Comentários que surgem já depois de várias associações ambientalistas terem vindo a divulgar comunicados de imprensa, ao longo dos últimos dias, anunciando o seu parecer desfavorável ao modo como o projeto fotovoltaico Sophia está a ser pensado. É o caso, por exemplo, da associação Zero, mas também da QUERCUS, da FAPAS (Associação Portuguesa para a Conservação da Biodiversidade)e do Rewilding Portugal, entre outras, que, para além de alertarem para os impactos ambientais inerentes à proposta, destacaram as consequências que dela poderão advir a nível social.

Na nota divulgada pela associação Zero, por exemplo, critica-se o desenvolvimento de projetos, como se considera ser este o caso, "que são a antítese do ordenamento do território" e onde prevalece "a inexistência de partilha de benefícios com as populações locais e a desvalorização dos efeitos socioeconómicos e paisagísticos". Algo que, na ótica da entidade, "pode minar seriamente os objetivos de neutralidade climática estabelecidos para as próximas décadas". De declaração acrescenta que a "enorme contestação que se está a gerar à volta deste megaprojeto" pode "criar um ambiente social desfavorável à aceitação das energias renováveis em Portugal".

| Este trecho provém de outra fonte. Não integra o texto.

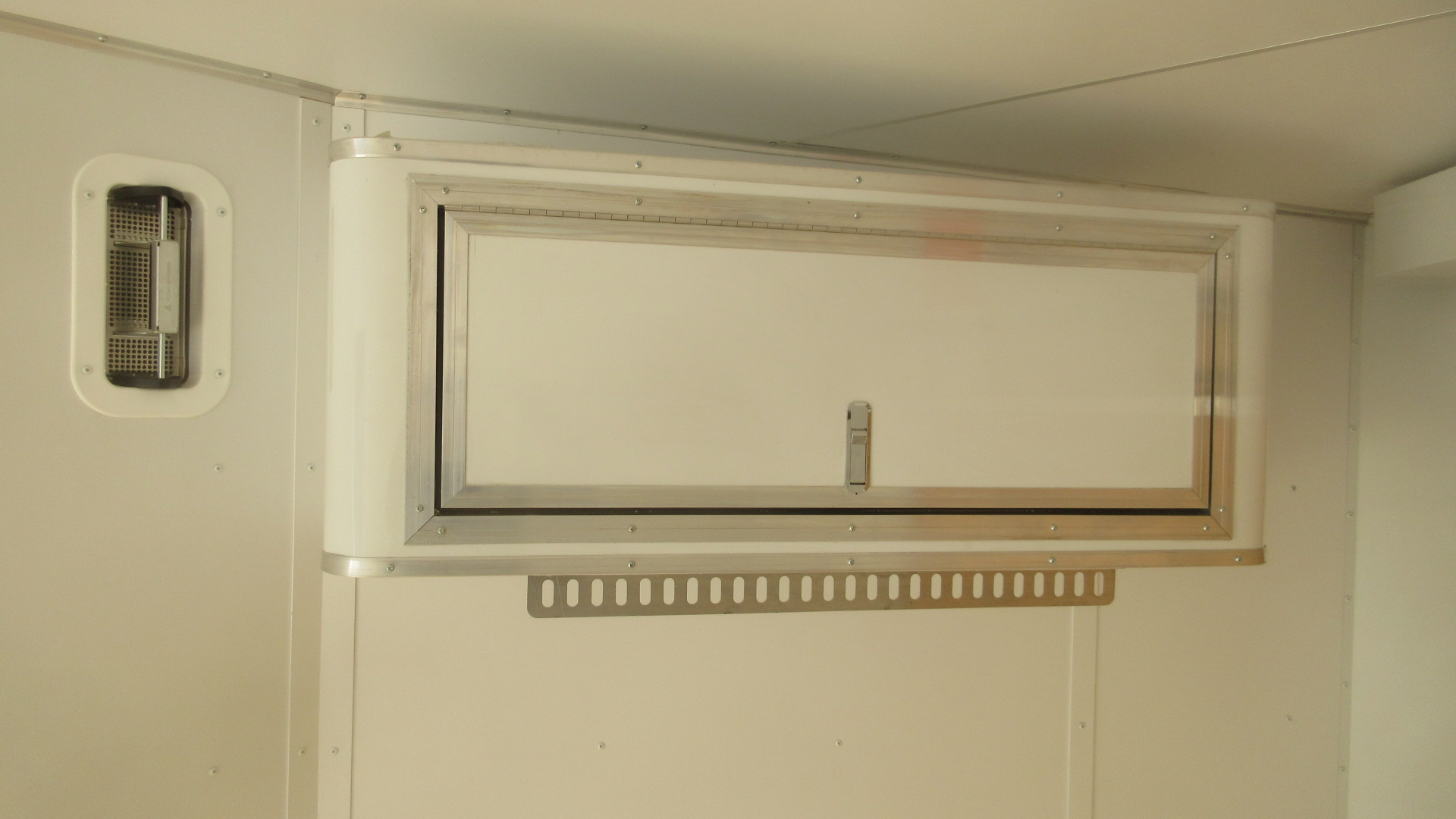 New 2026 Ameralite ADXST Snowmobile Trailer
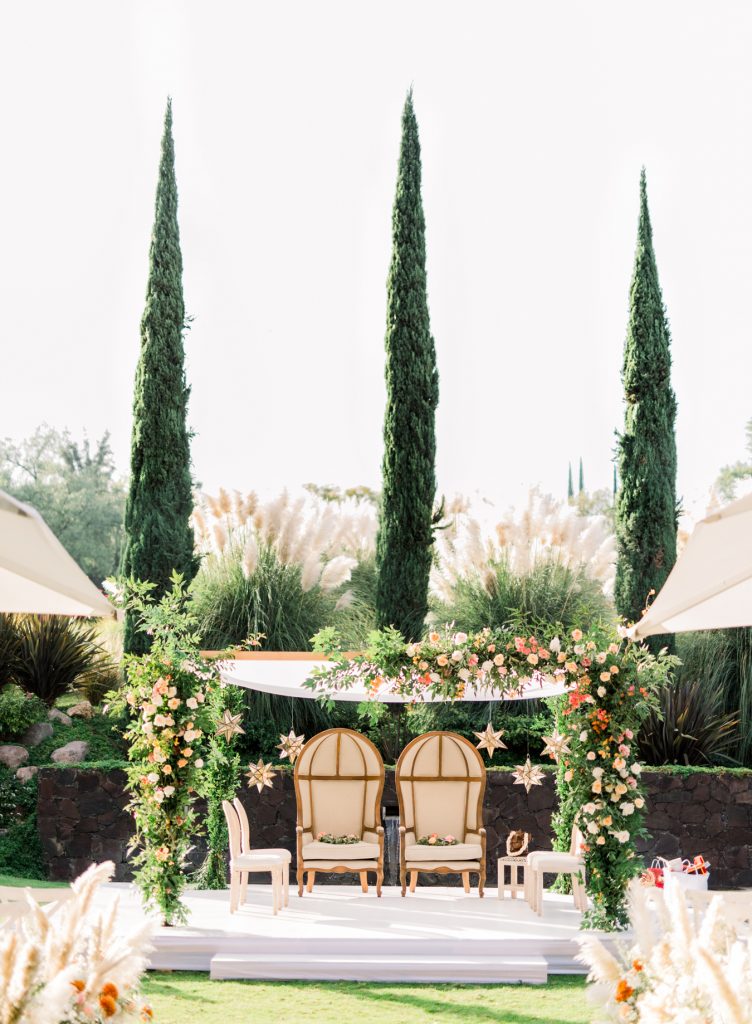 Enticing Minimalistic Wedding Decor Ideas That Redefines the Beauty in Simplicity, image 1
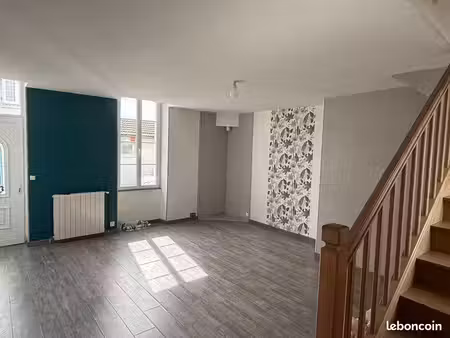 maison de ville à louer 75m2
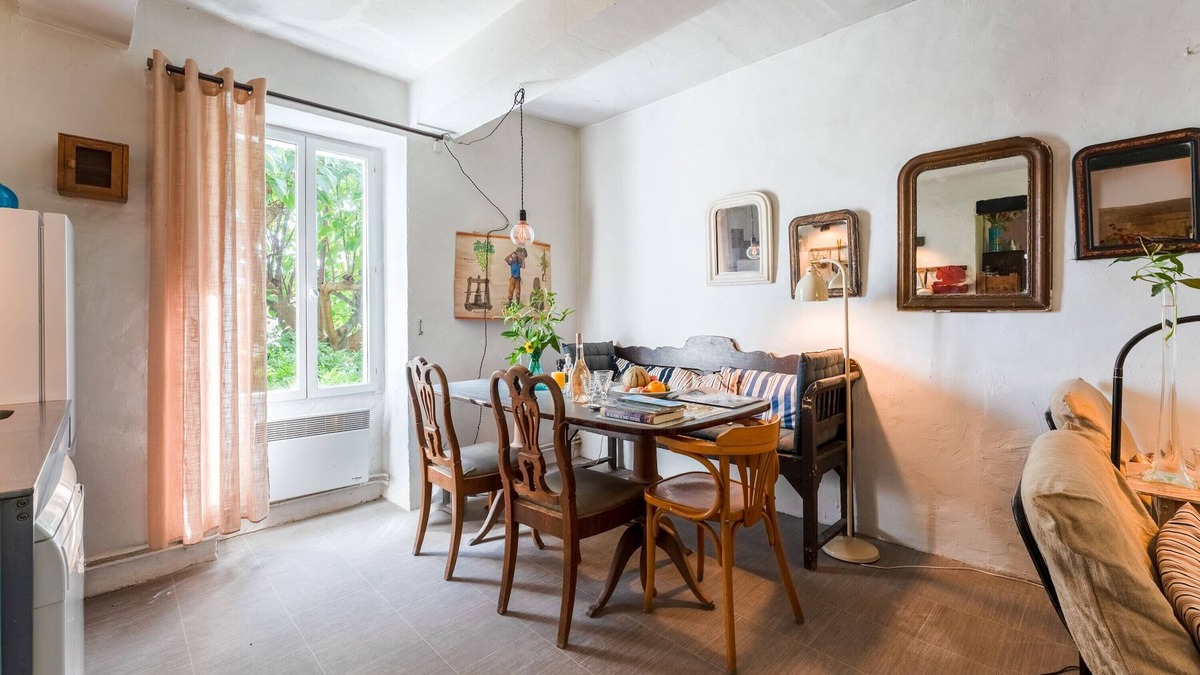 Crestet House | Gîte 37 - The Blue Flower at the Foot of Mont Ventoux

Lightsource bp garante abertura para "melhorar o projeto"

Face a toda a discussão pública que tem surgido em torno da central solar fotovoltaica Sophia, a Lightsource bp assegura que, "para a preparação do Projeto de Execução" propriamente dito, se propõe a "organizar sessões informativas e participativas na área abrangida, com o objetivo de melhorar o projeto", numa postura de "contacto permanente com as autoridades e comunidades locais".

A entidade recordar, aliás, que o "projeto e a sua Avaliação de Impacte Ambiental estão ainda numa fase inicial de desenvolvimento", o que permitirá "que o projeto seja detalhado e ajustado de acordo com as recomendações das entidades e contributos da consulta pública". Esta última, detalha ainda, "representa" apenas "o primeiro passo de um processo ambiental longo e rigoroso" que não está terminado.

Aliás, esclarece a Lightsource bp, a proposta "será novamente submetida a consulta pública", pelo que este é um processo ainda em curso - e existindo, portanto, várias oportunidades para que o projeto sofra alguns ajustes.